Is that indicator merely a coincidence that happened to “fit” the environment?
● The overwhelming verification proves the unique reproducibility
When talking about the reliability of trading logic,
“verification period” and “verification count (sample size) ” are the most important indicators.
Because the forex market is an ever-changing “non-stationary” environment due to seasonal factors, interest rate policy, geopolitical risks, and volatility, there is no consistency in market conditions.
Therefore──
With only the most recent 1–2 months or a few dozen to a few hundred verifications,
you cannot discern random products that merely happened to fit the environment, or
overfitting (curve fitting) created to match past data.
In that case, you cannot claim statistically significant edge.
① A trusted logic meets the following conditions.
✓Sufficient long-term testing (spanning years to over a decade)
✓Verification counts in the thousands to hundreds of thousands (statistically meaningful population)
Verification is the process of“ensuring that the rule works consistently across any market environment.”
A logic with short verification periods and small sample sizes lacks reproducibility and reliability.
② To establish trades based on statistics, the following three elements are indispensable.
✓Long-term, continuous verification
✓Statistical backing with a sufficient sample size
✓Past and present consistently show “completely non-repaint”
Only when all three conditions are met can you speak of the logic’s reproducibility, expectancy, and edge as the basis for investment decisions.
And──
All of these conditions are fulfilled by our signal indicator.
The consistent edge backed by vast verification data is
the greatest strength of our signal indicator and its true proof that you cannot find elsewhere.
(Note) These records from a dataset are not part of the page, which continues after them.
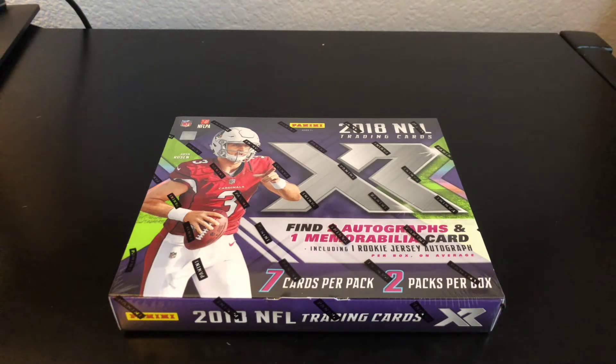What's up guys, it's AJG1113Cards back with another video. I have a hobby box of 2018 XR football today that I picked up from my LCS yesterday.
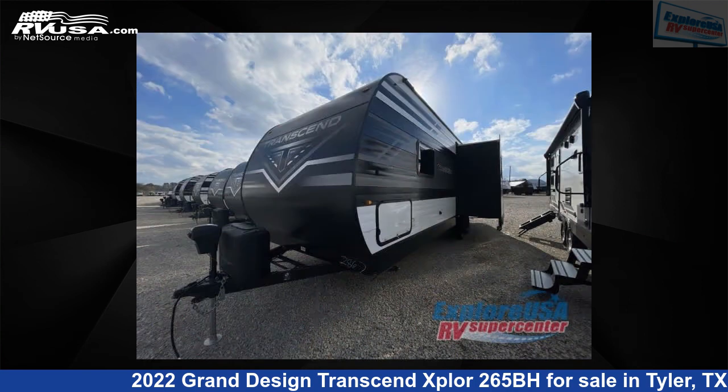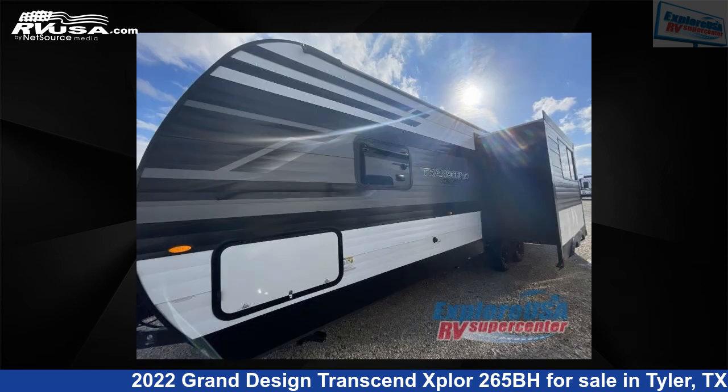For more information and pricing on this unit, and to see all units available for sale by Explore USA RV Supercenter, Tyler, TX, visit RVUSA.com.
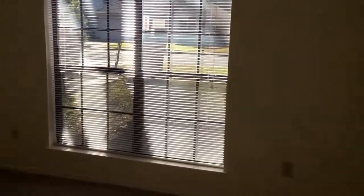Now we're entering the master bedroom, located at the front of the home. Large windows here, ceiling fan, and freshly painted walls.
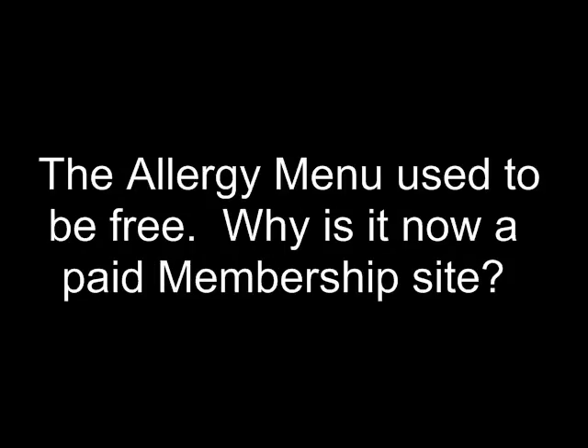Why has the site changed from a free site to a paid membership site? The site has been in development, and while it was in that development phase it's been free — we couldn't charge for it when it wasn't up to the standard we wanted. When we first went online in August 2010 we had about a hundred recipes and our search function was limited to about 10 categories. We've extended it to about 20 now, and we've upgraded so that every ingredient on the site has been categorised across 30 different fields, and we've also added a search-by-diet facility.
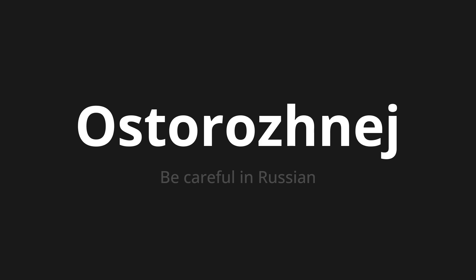Осторожней. Осторожней. One more time — Осторожней.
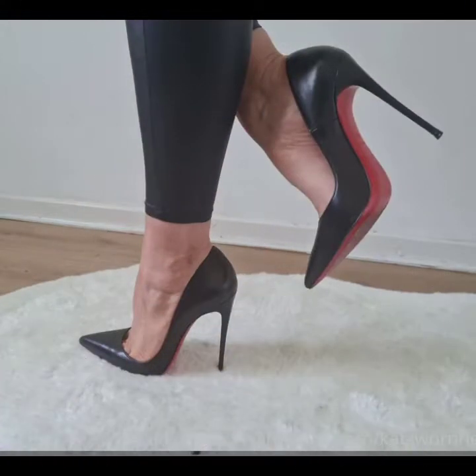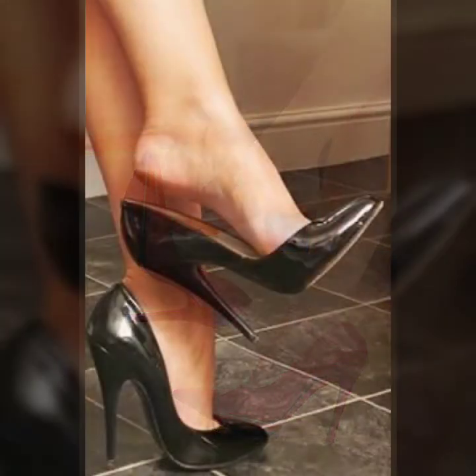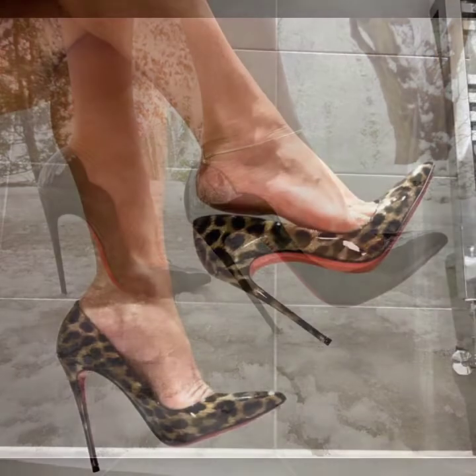Friends, if you want to buy pointed-toe heels online, many websites offer these types of pumps, like www.ebay.com, www.amazon.com, and www.gunstudio.com. You can buy these beautiful and stylish pointed-toe heels online from there.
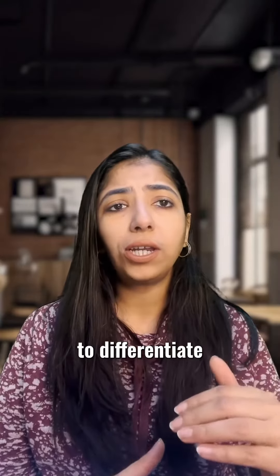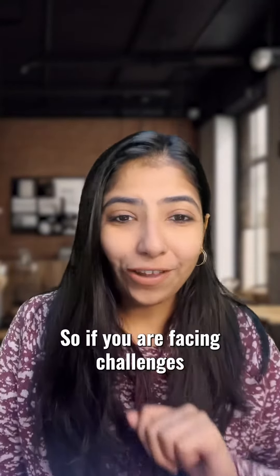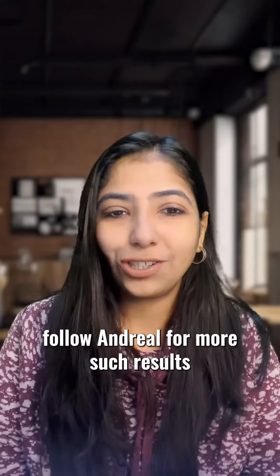Highlighting unique selling points helps differentiate your content from competitors in search results. If you're facing challenges in optimizing meta tags, follow and share for more such tips.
↑Even with just one currency pair, over 600,000 total trades (verification counts).For details, please check the verification data in the section “● Evidence over Argument.”
Imagine this.
If you toss a coin 600,000 times where the chances of heads and tails are 50% each,
If you want to continue getting heads more than 60% of the time in this coin toss,
it can no longer be explained by chance or luck.
In statistics, as the number of trials increases,
the results converge toward the true probability (50%).
Among 600,000 trials,
to continue outperforming the expected value by more than 10% is, statistically speaking, highly abnormal,
and at a level that cannot be explained by normal probability theory—
perhaps a miracle that could be described as extraordinary.
Our signal indicator
conducts over 600,000 trades for a single currency pair,
and in many cases yields a win rate above 65%,
is not mere data showing favorable conditions.
It captures the essence of the market to the extreme,
and proves that it turns “coincidence into necessity.”
This edge, backed by such an enormous sample size,
is an unrivaled, unique weapon that leaves no room for rivals.
When talking about the reliability of trading logic,
“verification period” and “verification count (sample size) ” are the most important indicators.
Because the forex market is an ever-changing “non-stationary” environment due to seasonal factors, interest rate policy, geopolitical risks, and volatility, there is no consistency in market conditions.
Therefore──
With only the most recent 1–2 months or a few dozen to a few hundred verifications,
you cannot discern random products that merely happened to fit the environment, or
overfitting (curve fitting) created to match past data.
In that case, you cannot claim statistically significant edge.
① A trusted logic meets the following conditions.
✓Sufficient long-term testing (spanning years to over a decade)
✓Verification counts in the thousands to hundreds of thousands (statistically meaningful population)
Verification is the process of“ensuring that the rule works consistently across any market environment.”
A logic with short verification periods and small sample sizes lacks reproducibility and reliability.
② To establish trades based on statistics, the following three elements are indispensable.
✓Long-term, continuous verification
✓Statistical backing with a sufficient sample size
✓Past and present consistently show “completely non-repaint”
Only when all three conditions are met can you speak of the logic’s reproducibility, expectancy, and edge as the basis for investment decisions.
And──
All of these conditions are fulfilled by our signal indicator.
The consistent edge backed by vast verification data is
the greatest strength of our signal indicator and its true proof that you cannot find elsewhere.
↑Even with just one currency pair, over 600,000 total trades (verification counts).For details, please check the verification data in the section “● Evidence over Argument.”
Imagine this.
If you toss a coin 600,000 times where the chances of heads and tails are 50% each,
If you want to continue getting heads more than 60% of the time in this coin toss,
it can no longer be explained by chance or luck.
In statistics, as the number of trials increases,
the results converge toward the true probability (50%).
Among 600,000 trials,
to continue outperforming the expected value by more than 10% is, statistically speaking, highly abnormal,
and at a level that cannot be explained by normal probability theory—
perhaps a miracle that could be described as extraordinary.
Our signal indicator
conducts over 600,000 trades for a single currency pair,
and in many cases yields a win rate above 65%,
is not mere data showing favorable conditions.
It captures the essence of the market to the extreme,
and proves that it turns “coincidence into necessity.”
This edge, backed by such an enormous sample size,
is an unrivaled, unique weapon that leaves no room for rivals.